═════ GIVEN INFORMATION ═════
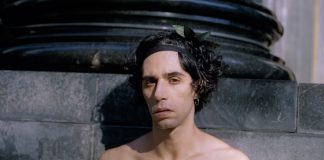 Thiago Pethit leva “Romeo” ao universo de ‘Mal dos Trópicos’ em nova versão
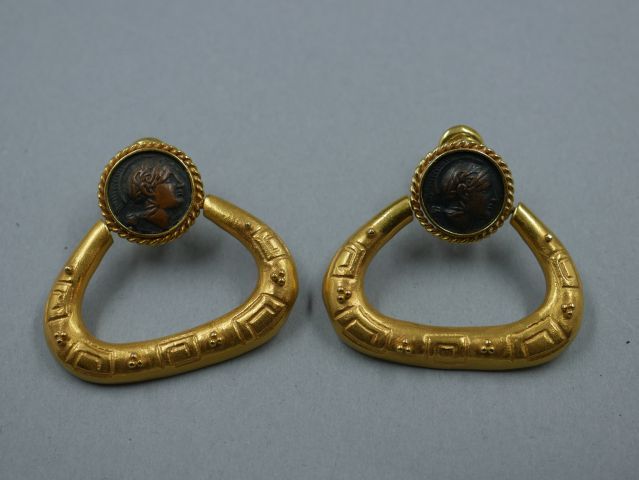 Null Paire de pendant d'oreille en or jaune 18K ornés de pièces antiques en bron&hellip;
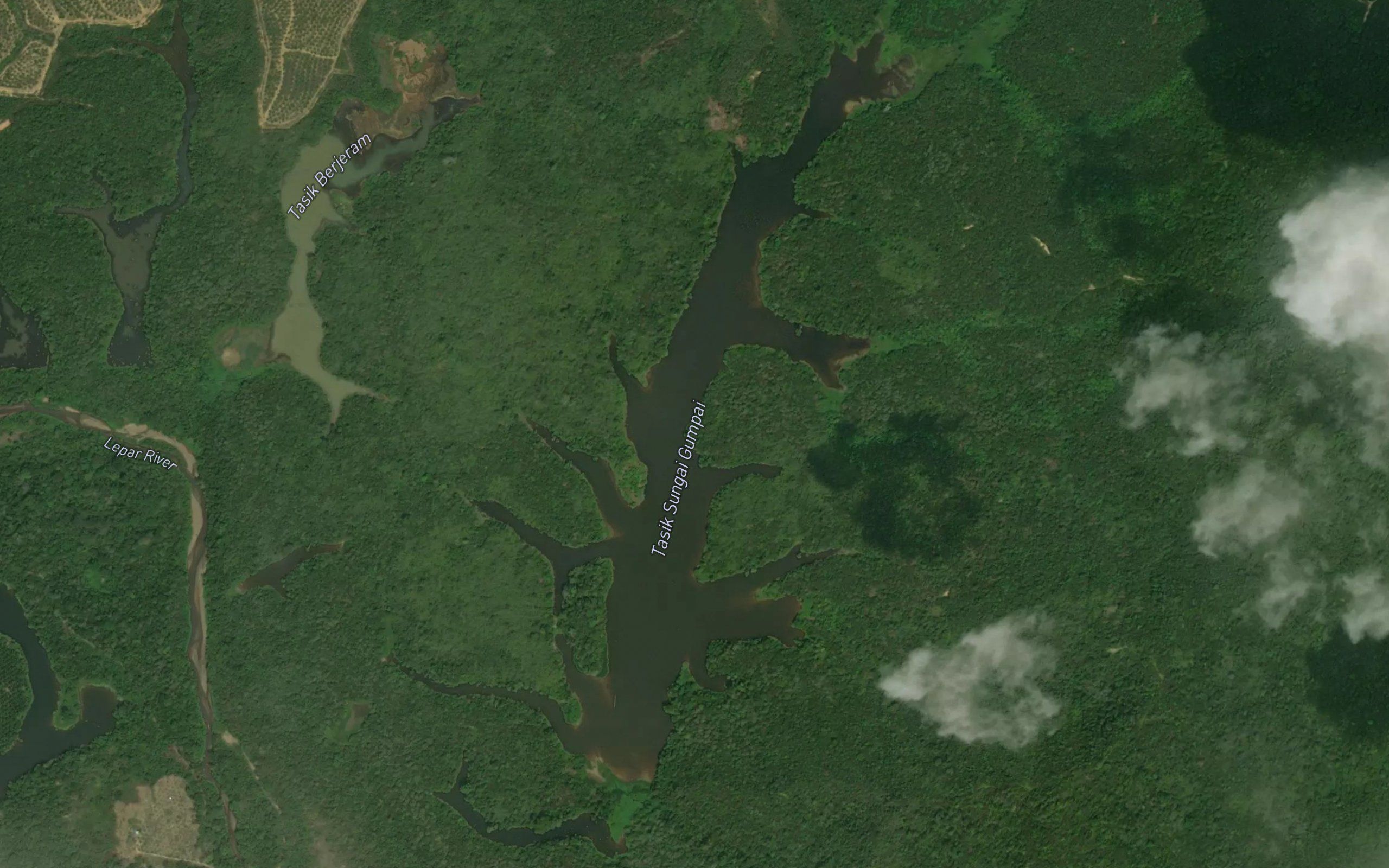 Tasik Sungai Gumpai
═════
**TASK STATEMENT**
Return every line of the listing exactly, leaving its pictures behind.

**ANSWER TO THIS EXERCISE**
 Thiago Pethit leva “Romeo” ao universo de ‘Mal dos Trópicos’ em nova versão
 Null Paire de pendant d'oreille en or jaune 18K ornés de pièces antiques en bron&hellip;
 Tasik Sungai Gumpai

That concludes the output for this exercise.